→ **AIM OF THE TASK**
Below are some records. Write out the lines from the one containing "The staff of" to the last line, word for word, leaving out pictures.

→ **EXERCISE DATA**
== Segment start ==

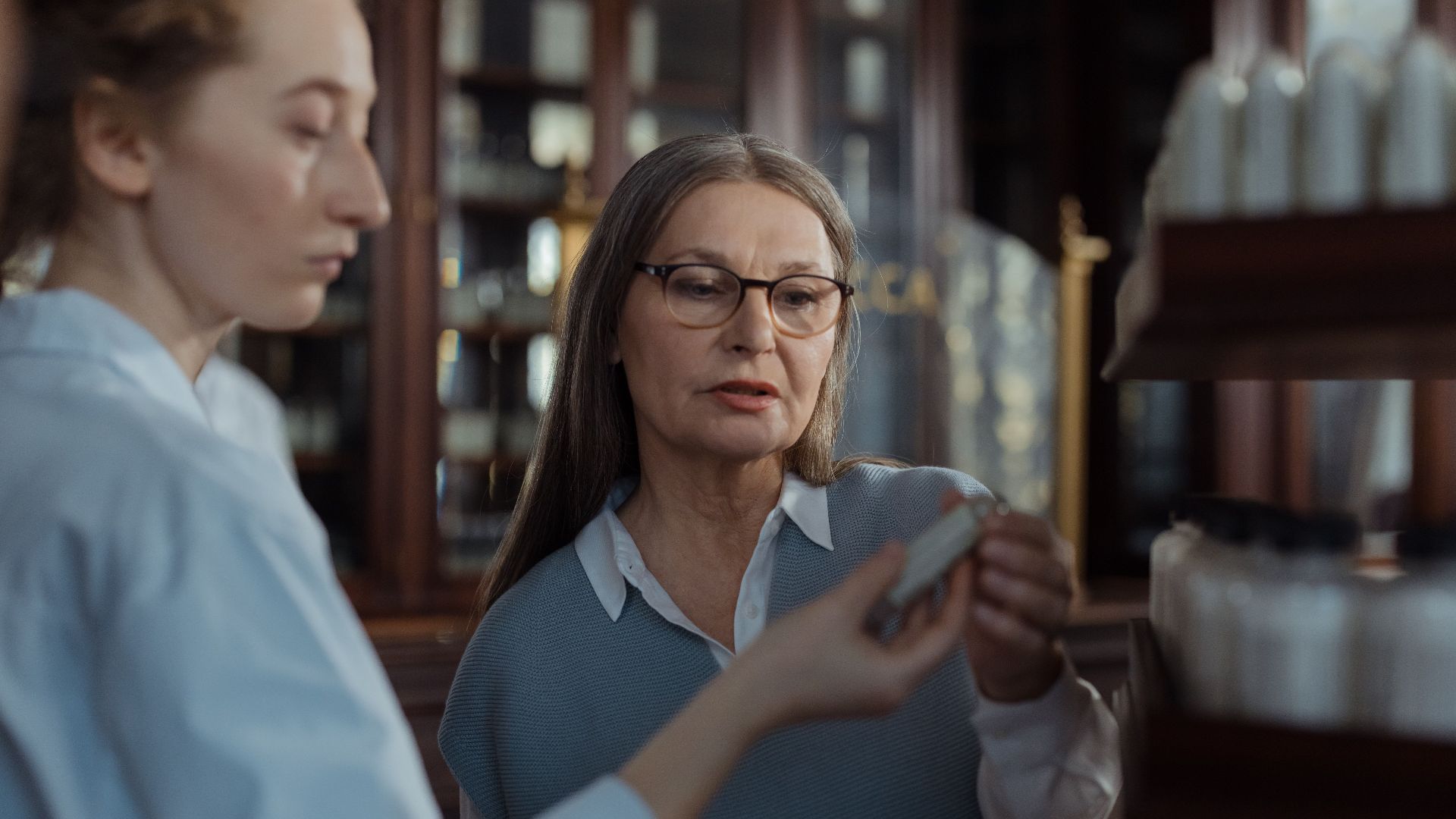 An elderly woman discussing medication options with a pharmacist at a pharmacy counter.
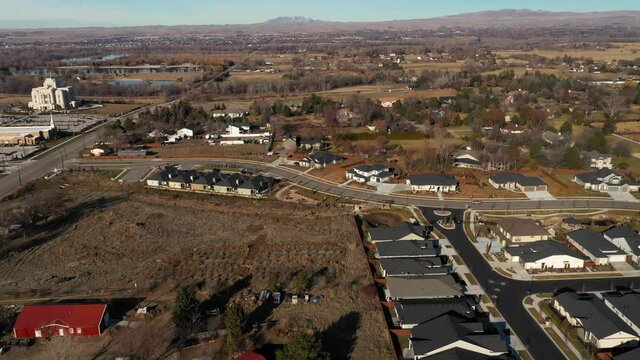 Over a residential area towards multiple ponds and custom homes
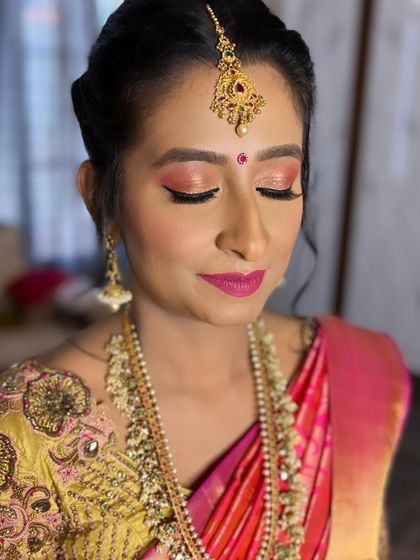 A close-up of the Muhurtham makeup, showing the shimmer on the eyelids and the beautiful pink lip color that complements her embroidered blouse.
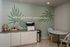 Inviting workspace with motivational wall art, featuring a stylish cabinet, modern printer, and cozy seating area.
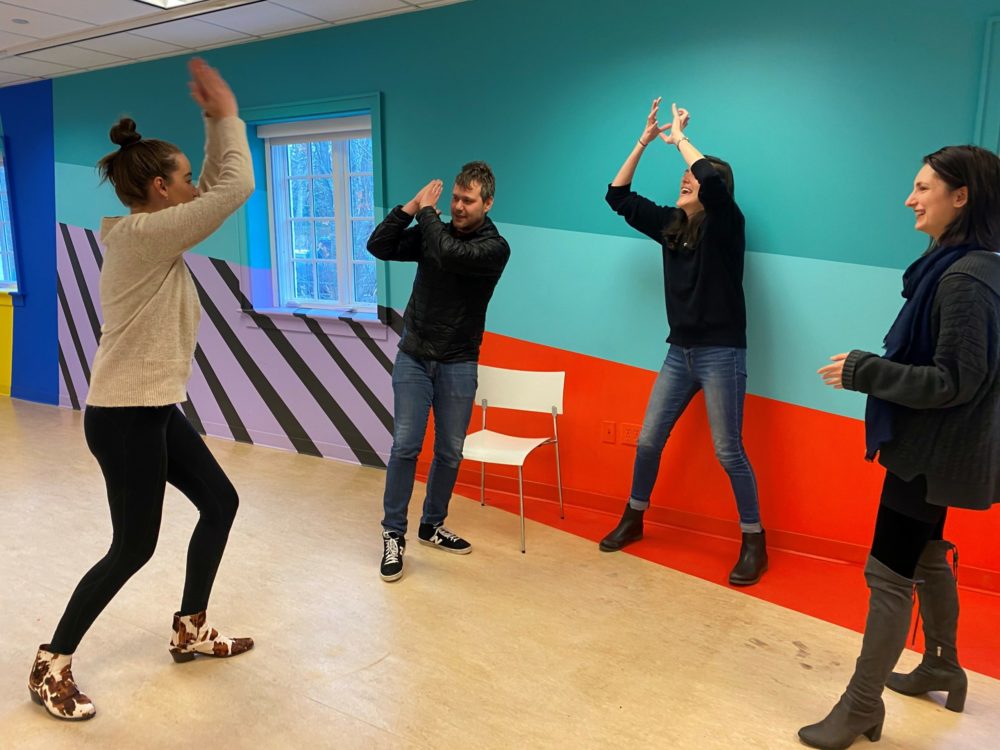 The staff of Guild Hall  warming up for Tina Jones’s upcoming improv class.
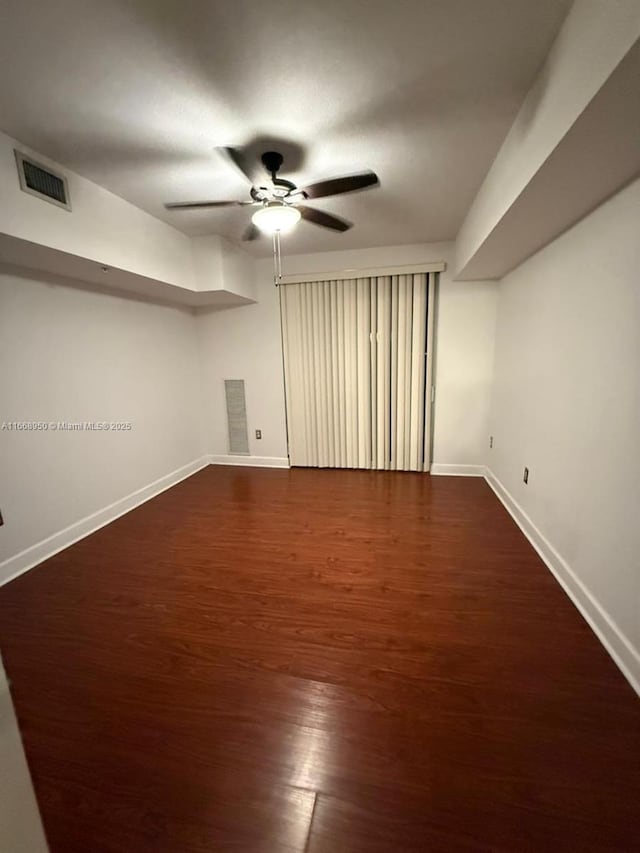 interior space featuring ceiling fan and dark wood-type flooring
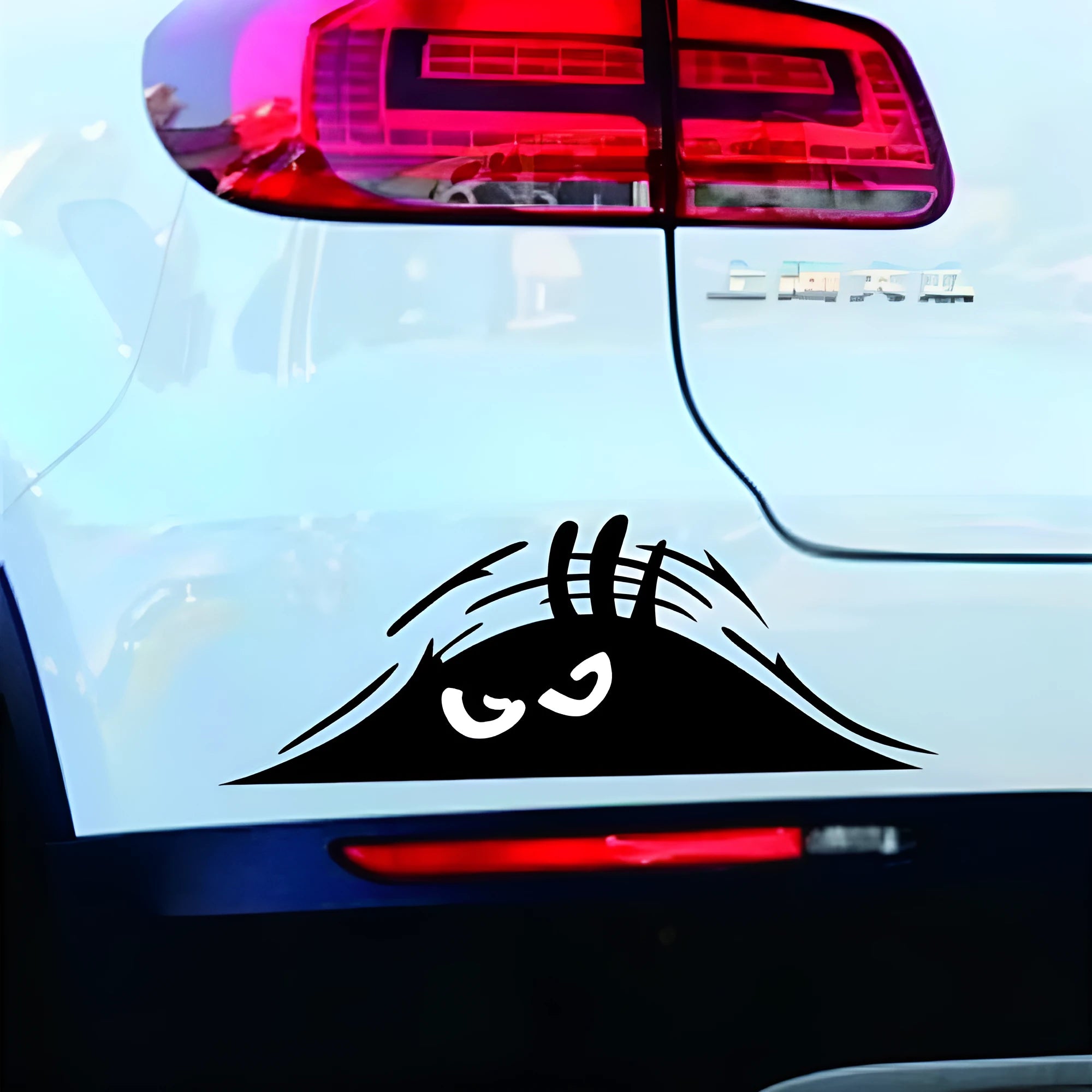 Four designs of self-adhesive body stickers on skin, showing colourful smiley, black smiley, white smiley, and black angry faces.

== Segment end ==

→ **RESULT FOR THIS EXERCISE**
 The staff of Guild Hall  warming up for Tina Jones’s upcoming improv class.
 interior space featuring ceiling fan and dark wood-type flooring
 Four designs of self-adhesive body stickers on skin, showing colourful smiley, black smiley, white smiley, and black angry faces.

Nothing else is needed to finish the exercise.